Her sister, the Duchess of Hamilton, was also threatened with consumption, but a visit to Italy restored her to health again. She was one of the two duchesses appointed to be the escort of the Princess Charlotte of Mecklenburg-Strelitz, the intended bride of George III. The first time the homely little Princess saw the two duchesses, she asked, "Are all Englishwomen as beautiful as you are?" Her entry into London was made by Mile End Road, and when the Princess heard that her wedding was to take place that evening, she grew so white that lavender water had to be thrown in her face to revive her. Seeing the Duchess of Hamilton smile, the young Princess said, "My dear Duchess, you may laugh, you have been twice married, but it is no joke to me."

When her husband succeeded to the Dukedom of Argyll, Elizabeth Gunning remembered the prophecy of the fortune-teller in Capel Street, for she was doubly a duchess, an honour which only the present Duchess of Devonshire can claim. During the Wilkes riots in 1768 she behaved with great determination. Though her husband was absent and she was in delicate health, she stoutly refused to illuminate her house in Argyll Buildings at the bidding of the mob, who battered the doors and windows for three hours. She could always put down any impertinent people with true aristocratic hauteur. When her daughter, Lady Augusta Campbell, eloped with a Mr. Clavering, Lady Tweeddale saw fit to congratulate her on the event.

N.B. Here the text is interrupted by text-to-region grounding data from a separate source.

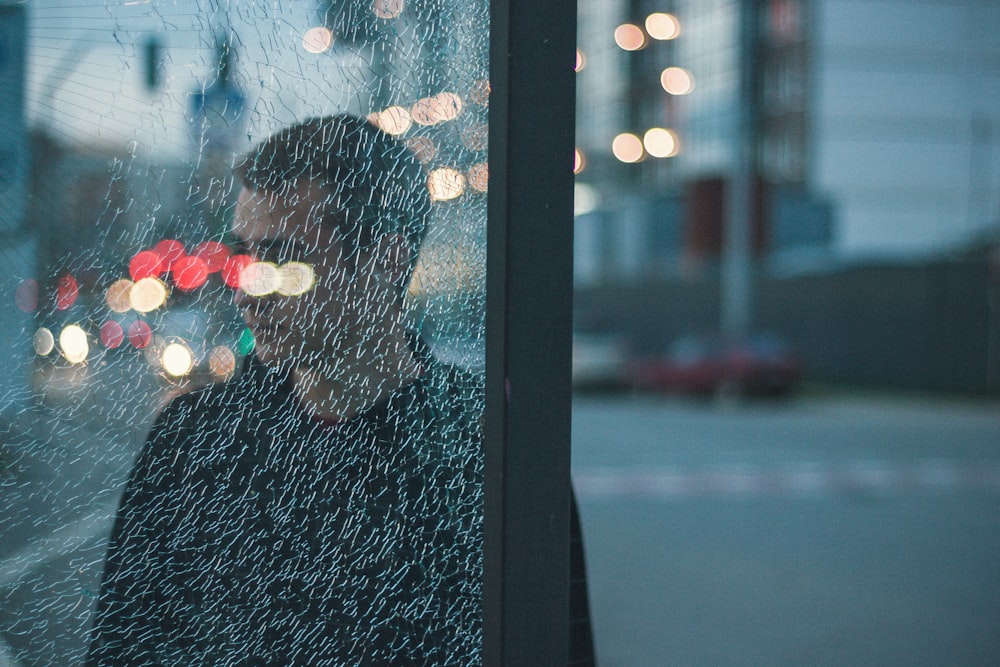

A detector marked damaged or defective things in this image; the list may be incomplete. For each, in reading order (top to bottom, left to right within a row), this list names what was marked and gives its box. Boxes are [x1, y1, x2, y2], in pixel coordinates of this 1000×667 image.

shattered glass panel [0, 1, 484, 664]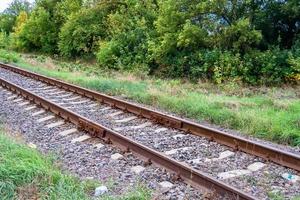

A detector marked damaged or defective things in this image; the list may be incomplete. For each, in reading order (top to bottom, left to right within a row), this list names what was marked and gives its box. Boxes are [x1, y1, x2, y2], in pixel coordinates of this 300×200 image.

rusty rail [0, 76, 255, 198]
rusty rail [0, 63, 298, 172]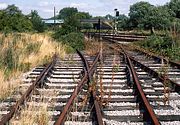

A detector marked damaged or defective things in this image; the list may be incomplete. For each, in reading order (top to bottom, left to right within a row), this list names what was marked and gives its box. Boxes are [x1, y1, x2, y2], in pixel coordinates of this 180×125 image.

rusty rail track [0, 54, 57, 125]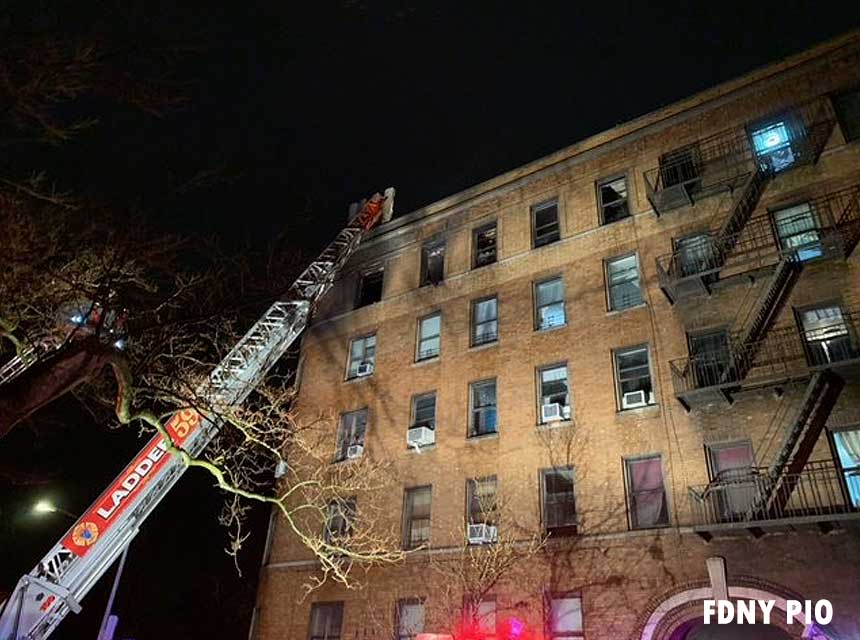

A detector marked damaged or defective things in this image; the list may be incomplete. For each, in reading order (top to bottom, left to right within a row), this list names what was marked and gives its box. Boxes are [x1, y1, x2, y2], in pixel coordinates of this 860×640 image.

broken window [420, 239, 446, 286]
broken window [474, 222, 500, 268]
broken window [536, 200, 560, 248]
broken window [596, 175, 632, 225]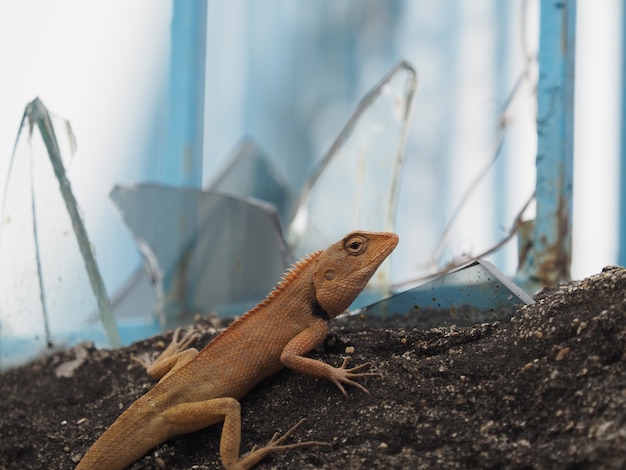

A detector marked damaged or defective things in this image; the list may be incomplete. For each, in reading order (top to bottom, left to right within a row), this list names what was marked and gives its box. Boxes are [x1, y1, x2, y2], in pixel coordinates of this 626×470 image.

broken glass shard [0, 98, 117, 370]
broken glass shard [109, 184, 290, 326]
broken glass shard [207, 137, 298, 229]
broken glass shard [286, 61, 414, 304]
broken glass shard [354, 258, 532, 328]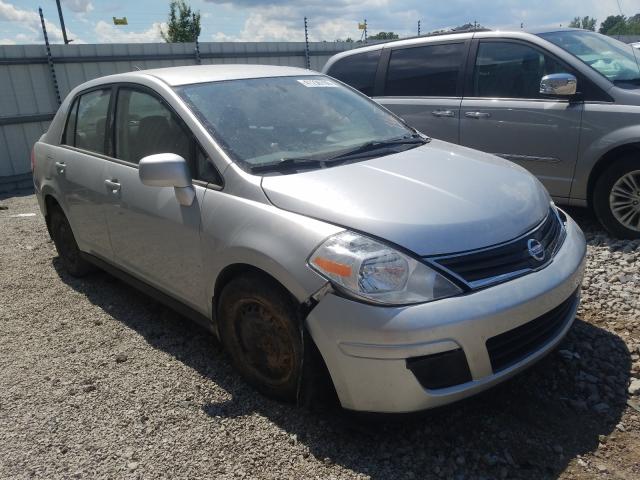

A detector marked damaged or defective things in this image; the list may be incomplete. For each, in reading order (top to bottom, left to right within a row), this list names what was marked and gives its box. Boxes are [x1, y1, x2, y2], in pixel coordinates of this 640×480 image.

rusty wheel rim [234, 300, 296, 386]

"No great joy, madam," she answered, "There was no occasion for Lady Augusta Campbell to marry."

She was the mother of no less than four dukes. Her two sons by her first marriage, James George and Douglas, both became Dukes of Hamilton, and her two sons by her second marriage, George William and John Douglas, both became Dukes of Argyll. The present Duke of Argyll is her direct descendant. What a destiny for a penniless Irish girl! It seemed as though fortune was never tired of pouring gifts on her. The King created her a Peeress in her own right by the title of Baroness Hamilton of Hambledon, in Leicestershire, and she was appointed Lady of the Bedchamber to the Queen. She died at the age of 56, having borne her honours with great dignity. When Dr. Johnson and Boswell paid their celebrated visit to the Hebrides, she received Boswell with great hauteur. He says, that when the duke announced his name to the duchess, who was sitting with her daughter, Lady Betty Hamilton, and some other ladies, she took not the slightest notice of him.

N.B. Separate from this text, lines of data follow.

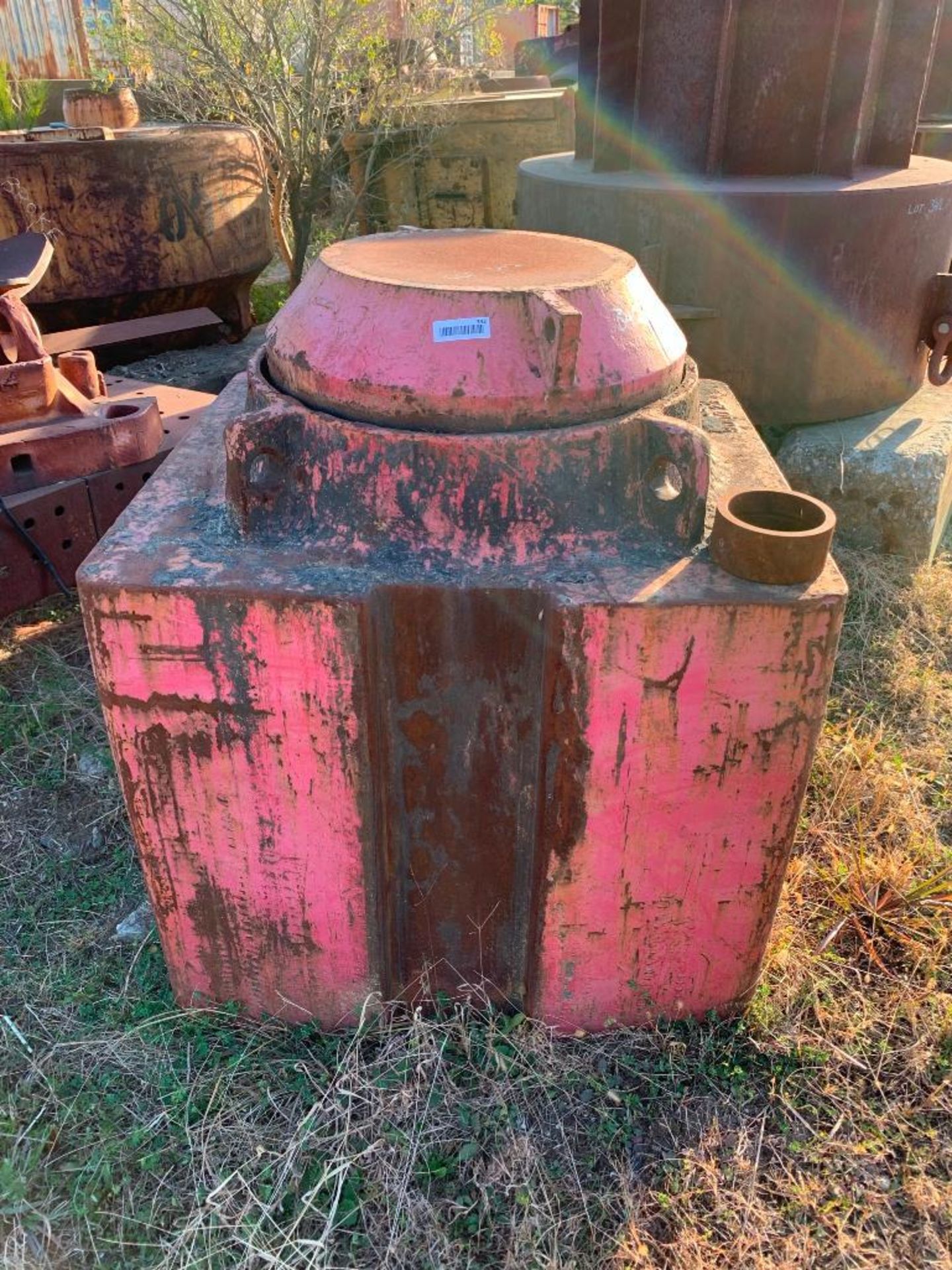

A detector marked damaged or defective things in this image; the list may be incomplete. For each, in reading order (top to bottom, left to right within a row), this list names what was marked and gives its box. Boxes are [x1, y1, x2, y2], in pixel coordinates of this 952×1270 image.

rusty steel cylinder [78, 228, 848, 1031]
rusty steel cylinder [518, 0, 952, 429]
rusty metal ring [711, 485, 832, 584]
rusty metal ring [934, 314, 952, 386]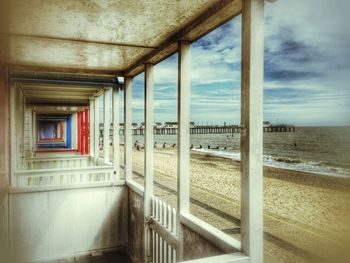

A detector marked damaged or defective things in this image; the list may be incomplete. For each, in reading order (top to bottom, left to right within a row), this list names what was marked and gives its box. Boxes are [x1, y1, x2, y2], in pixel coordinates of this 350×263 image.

peeling paint wall [128, 189, 144, 262]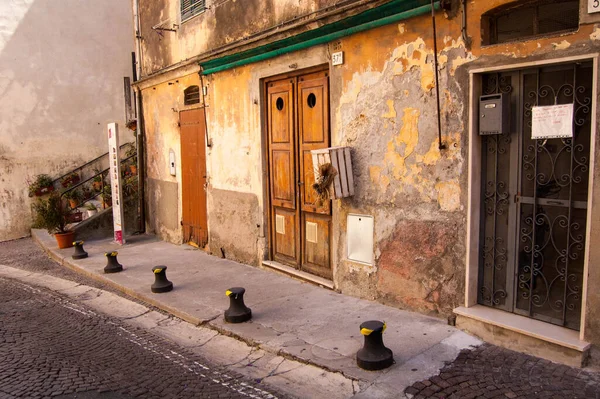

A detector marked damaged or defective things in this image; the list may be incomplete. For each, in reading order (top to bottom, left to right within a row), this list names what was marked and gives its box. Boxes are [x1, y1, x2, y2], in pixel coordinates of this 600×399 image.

peeling paint wall [0, 0, 134, 242]
peeling paint wall [137, 0, 600, 346]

Boswell adds, "When I recollected that my punishment was inflicted by so dignified a beauty, I had that kind of consolation which a man would feel who is strangled by a silken cord." Dr. Johnson was very much pleased with his visit to Inverary Castle. The duchess may have found it necessary to assume this manner, for her own relations were still in a subordinate position. Her youngest sister Kitty generally known as the "youngest of the Graces " married plain Mr, Travis, and was appointed housekeeper at Somerset House, a very lucrative post, which her mother, Mrs. Gunning, held before her.

Never before, or since, has there been such a story as that of the Gunnings. It has tempted many novelists, amongst them Mr. F. Frankfort Moore, who has founded his novel, The Fatal Gift, on some episodes in their romantic career, but to those who like studies from actual life, it is quite as interesting to follow the fortunes of the two sisters, as they are spread out before us in the pages of the history and biographies of that time.

And if we want a lesson, there is surely one to be found—that great beauty does not always bring happiness. Lady Coventry's dying hours are a sad proof of the vanity of human wishes. Even while she was breathing her last breath, her husband was courting her successor. She had not found what she most wished for—a heart that answered to her own.